A noite desta segunda-feira foi de memória, emoção e reconhecimento ao serviço prestado pelo Hospital Napoleão Laureano e pela Fundação Napoleão Laureano à população paraibana.
Em um ambiente prestigiado por representantes da classe política, empresarial, médica e por amigos da instituição, foi realizado o lançamento do livro “75 anos da Fundação Napoleão Laureano — Vida e Memória”, de autoria do conselheiro Antônio Carneiro Arnaud, além da exibição inédita de um documentário sobre a história da Fundação.
Durante o evento, o presidente da Fundação Laureano, Marcelo Lucena, destacou o sentimento de gratidão por fazer parte de uma instituição que há décadas se tornou referência no tratamento oncológico da Paraíba.
Segundo Marcelo, registrar a história do Laureano é uma forma de preservar para as futuras gerações a trajetória de uma obra que nasceu da solidariedade e cresceu movida pela missão de cuidar de vidas.
“É um sentimento de gratidão por essa obra que faz tanto pela Paraíba. O Hospital Napoleão Laureano, com mais de 64 anos, e a Fundação Laureano, com 75 anos, precisavam desse registro histórico”, afirmou.

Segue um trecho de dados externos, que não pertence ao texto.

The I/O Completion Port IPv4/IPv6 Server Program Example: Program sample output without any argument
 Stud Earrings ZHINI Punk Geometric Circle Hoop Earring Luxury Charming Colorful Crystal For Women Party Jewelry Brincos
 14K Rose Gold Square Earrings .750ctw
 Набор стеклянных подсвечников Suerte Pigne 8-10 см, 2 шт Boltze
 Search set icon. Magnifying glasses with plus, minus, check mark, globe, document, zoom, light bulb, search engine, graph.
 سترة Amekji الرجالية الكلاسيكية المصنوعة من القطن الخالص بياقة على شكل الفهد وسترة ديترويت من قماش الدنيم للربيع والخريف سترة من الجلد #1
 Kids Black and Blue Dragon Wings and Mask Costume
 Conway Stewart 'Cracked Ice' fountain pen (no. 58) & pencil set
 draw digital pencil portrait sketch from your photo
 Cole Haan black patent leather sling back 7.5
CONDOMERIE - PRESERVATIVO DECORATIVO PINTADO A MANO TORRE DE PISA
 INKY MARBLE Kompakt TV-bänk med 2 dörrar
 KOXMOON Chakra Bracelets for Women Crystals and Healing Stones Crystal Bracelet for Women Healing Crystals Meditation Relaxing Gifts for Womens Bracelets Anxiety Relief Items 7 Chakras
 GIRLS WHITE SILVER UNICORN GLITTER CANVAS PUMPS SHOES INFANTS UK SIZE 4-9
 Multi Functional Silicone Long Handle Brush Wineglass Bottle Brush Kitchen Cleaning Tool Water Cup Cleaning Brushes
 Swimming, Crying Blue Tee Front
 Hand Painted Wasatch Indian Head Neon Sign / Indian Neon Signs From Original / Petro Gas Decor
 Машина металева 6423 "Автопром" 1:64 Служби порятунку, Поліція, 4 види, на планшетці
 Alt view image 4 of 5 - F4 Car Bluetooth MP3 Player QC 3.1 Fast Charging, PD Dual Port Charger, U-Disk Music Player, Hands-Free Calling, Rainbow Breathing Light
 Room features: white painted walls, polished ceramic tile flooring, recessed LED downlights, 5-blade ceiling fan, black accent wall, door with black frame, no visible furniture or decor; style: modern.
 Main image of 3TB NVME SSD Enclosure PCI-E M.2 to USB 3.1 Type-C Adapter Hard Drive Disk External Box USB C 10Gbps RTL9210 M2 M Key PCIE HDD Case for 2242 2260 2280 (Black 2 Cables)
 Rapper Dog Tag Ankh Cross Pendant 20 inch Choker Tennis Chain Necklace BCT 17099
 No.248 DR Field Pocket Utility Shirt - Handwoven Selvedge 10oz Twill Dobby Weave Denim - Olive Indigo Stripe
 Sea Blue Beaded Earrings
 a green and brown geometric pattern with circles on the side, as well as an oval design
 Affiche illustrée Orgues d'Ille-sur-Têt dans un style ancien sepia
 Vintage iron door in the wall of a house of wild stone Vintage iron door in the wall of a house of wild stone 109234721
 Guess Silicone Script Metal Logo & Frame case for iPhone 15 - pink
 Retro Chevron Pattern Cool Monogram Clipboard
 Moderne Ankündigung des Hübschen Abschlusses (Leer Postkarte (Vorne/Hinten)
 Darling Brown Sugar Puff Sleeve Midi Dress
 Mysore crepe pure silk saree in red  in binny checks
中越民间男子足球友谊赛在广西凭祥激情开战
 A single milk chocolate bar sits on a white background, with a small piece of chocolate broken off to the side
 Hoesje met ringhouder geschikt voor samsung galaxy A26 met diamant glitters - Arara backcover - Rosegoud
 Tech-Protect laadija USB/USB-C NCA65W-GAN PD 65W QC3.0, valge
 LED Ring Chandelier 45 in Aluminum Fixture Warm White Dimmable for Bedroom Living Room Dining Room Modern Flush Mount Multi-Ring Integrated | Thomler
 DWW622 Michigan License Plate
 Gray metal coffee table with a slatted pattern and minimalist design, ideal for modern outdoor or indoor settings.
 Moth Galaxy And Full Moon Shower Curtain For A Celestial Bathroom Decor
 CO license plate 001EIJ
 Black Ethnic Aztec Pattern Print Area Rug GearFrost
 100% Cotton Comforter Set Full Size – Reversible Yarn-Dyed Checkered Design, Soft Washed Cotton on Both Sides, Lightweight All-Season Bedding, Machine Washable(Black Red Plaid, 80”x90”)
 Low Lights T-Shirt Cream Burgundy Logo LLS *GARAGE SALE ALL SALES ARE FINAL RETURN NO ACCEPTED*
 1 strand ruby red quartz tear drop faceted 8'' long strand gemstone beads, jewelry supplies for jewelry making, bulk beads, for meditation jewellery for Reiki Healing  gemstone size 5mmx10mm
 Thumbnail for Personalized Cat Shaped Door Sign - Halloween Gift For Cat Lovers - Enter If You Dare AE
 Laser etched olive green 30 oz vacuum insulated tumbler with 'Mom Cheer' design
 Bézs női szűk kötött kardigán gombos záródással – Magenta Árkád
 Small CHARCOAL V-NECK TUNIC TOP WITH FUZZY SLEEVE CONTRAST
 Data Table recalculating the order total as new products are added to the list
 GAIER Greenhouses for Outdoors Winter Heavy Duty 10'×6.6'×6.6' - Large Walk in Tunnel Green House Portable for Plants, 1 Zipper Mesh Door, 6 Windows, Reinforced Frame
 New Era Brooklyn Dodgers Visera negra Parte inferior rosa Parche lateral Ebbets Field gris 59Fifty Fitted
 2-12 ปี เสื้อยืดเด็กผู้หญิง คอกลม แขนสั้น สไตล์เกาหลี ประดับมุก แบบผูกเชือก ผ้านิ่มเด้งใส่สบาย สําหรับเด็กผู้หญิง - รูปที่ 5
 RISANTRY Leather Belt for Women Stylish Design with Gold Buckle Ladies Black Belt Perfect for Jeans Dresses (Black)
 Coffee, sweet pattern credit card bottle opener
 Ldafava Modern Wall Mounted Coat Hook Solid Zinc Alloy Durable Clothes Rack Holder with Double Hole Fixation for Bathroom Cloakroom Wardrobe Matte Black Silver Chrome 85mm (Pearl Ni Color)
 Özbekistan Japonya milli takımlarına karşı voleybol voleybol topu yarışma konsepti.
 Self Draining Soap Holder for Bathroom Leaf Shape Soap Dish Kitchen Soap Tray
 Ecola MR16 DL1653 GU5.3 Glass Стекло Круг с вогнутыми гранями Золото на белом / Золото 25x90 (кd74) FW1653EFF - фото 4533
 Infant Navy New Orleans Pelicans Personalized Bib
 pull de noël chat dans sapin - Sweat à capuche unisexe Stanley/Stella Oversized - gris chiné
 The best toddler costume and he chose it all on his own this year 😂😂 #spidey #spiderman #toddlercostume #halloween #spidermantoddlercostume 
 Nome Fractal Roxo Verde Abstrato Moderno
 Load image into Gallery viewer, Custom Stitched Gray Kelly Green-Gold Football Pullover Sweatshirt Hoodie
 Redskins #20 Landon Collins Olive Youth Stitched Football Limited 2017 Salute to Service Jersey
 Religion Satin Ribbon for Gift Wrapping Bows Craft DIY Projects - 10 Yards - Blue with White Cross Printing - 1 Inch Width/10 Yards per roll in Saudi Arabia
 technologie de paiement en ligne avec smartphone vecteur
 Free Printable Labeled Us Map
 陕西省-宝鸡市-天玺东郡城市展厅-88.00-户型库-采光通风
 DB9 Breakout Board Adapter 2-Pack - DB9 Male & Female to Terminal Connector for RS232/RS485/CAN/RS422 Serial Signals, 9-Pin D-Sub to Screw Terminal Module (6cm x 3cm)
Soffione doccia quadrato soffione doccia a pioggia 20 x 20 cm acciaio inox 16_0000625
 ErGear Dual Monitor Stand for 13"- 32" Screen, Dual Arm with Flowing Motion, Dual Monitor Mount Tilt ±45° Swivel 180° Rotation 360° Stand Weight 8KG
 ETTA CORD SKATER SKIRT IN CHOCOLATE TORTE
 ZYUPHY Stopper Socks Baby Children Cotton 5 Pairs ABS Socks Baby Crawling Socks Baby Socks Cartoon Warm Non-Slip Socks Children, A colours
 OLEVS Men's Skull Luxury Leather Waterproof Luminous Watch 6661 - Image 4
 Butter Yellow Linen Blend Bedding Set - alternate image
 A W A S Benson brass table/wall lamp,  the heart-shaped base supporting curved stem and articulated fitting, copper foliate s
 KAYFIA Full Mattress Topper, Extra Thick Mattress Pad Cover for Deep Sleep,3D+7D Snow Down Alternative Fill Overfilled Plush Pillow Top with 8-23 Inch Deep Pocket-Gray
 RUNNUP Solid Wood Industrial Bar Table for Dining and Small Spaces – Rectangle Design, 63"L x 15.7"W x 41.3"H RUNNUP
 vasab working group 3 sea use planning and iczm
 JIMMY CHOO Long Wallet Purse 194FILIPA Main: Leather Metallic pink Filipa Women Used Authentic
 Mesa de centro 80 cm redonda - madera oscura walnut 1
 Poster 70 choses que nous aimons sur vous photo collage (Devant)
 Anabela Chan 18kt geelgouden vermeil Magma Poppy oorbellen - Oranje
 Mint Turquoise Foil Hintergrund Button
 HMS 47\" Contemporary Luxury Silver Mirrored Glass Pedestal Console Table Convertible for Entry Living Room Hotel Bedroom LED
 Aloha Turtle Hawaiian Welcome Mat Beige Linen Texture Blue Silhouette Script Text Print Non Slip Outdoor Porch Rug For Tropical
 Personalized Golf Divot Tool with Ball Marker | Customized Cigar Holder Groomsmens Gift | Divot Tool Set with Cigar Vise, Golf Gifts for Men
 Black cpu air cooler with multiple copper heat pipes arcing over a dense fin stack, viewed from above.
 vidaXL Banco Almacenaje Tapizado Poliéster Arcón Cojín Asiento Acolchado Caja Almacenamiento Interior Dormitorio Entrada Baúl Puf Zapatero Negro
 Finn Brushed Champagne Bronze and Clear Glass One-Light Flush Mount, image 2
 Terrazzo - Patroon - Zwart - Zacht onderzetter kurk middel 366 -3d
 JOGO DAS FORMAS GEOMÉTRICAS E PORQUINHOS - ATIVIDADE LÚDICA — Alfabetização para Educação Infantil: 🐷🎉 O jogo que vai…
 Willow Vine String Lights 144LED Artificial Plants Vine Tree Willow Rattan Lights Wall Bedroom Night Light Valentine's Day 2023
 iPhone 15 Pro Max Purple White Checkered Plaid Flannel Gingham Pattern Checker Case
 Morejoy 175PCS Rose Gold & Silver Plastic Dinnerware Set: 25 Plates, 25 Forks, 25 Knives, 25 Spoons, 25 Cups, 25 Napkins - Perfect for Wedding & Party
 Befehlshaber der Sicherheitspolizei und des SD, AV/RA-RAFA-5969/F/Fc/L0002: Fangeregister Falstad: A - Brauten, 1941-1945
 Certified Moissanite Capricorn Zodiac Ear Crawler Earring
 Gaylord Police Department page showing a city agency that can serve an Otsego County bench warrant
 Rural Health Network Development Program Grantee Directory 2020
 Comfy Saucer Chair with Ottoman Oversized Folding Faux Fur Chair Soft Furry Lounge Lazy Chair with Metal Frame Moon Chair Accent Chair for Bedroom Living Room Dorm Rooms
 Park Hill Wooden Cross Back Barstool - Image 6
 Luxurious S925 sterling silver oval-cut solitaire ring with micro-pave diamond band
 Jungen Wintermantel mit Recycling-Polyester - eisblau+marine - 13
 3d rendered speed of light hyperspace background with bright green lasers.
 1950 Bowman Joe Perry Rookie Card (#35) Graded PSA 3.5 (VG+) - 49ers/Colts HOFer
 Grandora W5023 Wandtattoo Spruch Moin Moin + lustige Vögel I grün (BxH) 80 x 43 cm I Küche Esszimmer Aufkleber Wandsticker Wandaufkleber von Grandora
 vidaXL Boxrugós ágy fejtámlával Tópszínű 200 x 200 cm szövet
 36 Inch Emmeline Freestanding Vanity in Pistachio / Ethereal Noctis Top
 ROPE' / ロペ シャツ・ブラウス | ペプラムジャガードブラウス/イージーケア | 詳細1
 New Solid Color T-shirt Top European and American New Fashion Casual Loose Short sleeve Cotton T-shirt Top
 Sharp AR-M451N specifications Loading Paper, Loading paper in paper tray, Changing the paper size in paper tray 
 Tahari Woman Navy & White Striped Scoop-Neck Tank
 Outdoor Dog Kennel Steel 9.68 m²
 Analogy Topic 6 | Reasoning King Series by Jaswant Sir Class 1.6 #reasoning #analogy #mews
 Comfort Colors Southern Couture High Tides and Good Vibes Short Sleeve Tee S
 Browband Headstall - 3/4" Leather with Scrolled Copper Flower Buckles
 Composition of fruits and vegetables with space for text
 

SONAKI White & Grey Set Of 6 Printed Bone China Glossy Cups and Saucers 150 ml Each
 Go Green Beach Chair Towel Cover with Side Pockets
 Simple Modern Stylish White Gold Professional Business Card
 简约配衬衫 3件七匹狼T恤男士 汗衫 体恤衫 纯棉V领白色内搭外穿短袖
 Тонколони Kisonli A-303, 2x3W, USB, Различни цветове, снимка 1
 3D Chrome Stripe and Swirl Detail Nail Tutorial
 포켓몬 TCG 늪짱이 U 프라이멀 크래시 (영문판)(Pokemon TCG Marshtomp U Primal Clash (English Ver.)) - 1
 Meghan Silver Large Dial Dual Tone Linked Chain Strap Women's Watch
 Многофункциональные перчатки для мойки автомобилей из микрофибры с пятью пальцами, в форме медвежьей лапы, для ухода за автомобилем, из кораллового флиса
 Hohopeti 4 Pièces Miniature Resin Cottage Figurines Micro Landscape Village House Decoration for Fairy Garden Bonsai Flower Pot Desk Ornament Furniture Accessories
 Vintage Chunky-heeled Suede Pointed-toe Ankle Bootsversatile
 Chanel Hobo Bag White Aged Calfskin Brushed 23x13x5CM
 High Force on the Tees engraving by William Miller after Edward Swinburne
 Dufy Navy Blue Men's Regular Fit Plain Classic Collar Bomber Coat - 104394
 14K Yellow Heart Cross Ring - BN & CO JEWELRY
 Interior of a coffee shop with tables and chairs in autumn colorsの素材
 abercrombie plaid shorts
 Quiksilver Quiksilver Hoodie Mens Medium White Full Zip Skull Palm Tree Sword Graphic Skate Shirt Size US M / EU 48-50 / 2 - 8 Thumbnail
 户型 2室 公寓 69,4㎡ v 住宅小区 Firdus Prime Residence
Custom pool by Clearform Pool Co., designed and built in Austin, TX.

Marcelo fez questão de ressaltar o papel do médico e conselheiro Antônio Carneiro Arnaud, autor do livro e um dos nomes que guardam, na memória e na vivência, capítulos importantes da história do hospital. Arnaud foi o primeiro diretor do Laureano quando a unidade foi inaugurada.
O evento também apresentou um documentário de aproximadamente 40 minutos, ampliando o acesso da população à memória da instituição e mostrando a dimensão humana, social e médica de uma das obras mais importantes da saúde paraibana.
Em sua fala, Marcelo Lucena também destacou o crescimento estrutural do hospital, que, segundo ele, hoje está entre os mais modernos e equipados do país. Um dos símbolos desse avanço é a tecnologia robótica utilizada no atendimento, inclusive de pacientes do SUS.
“O orgulho é saber que o que há de mais moderno também está a serviço dos pacientes mais humildes. O Laureano é o hospital da vida”, destacou.
Outro ponto importante da entrevista foi a interiorização dos serviços. Marcelo lembrou que a unidade de Sousa já está em funcionamento, que Cajazeiras deve ser inaugurada nos próximos meses e que Serra Branca, no Cariri, também receberá uma estrutura do Laureano no início do próximo ano.
A expansão representa mais dignidade para pacientes que antes precisavam percorrer longas distâncias até João Pessoa em busca de tratamento. Para quem enfrenta uma doença grave, reduzir o sofrimento da viagem também é parte do cuidado.
Mais do que uma solenidade, o lançamento do livro e do documentário foi uma homenagem viva à história de uma instituição que atravessou décadas salvando vidas, acolhendo famílias e levando esperança a milhares de paraibanos.
O Laureano não celebrou apenas 75 anos de Fundação. Celebrou uma missão: cuidar da vida com ciência, humanidade e amor ao próximo.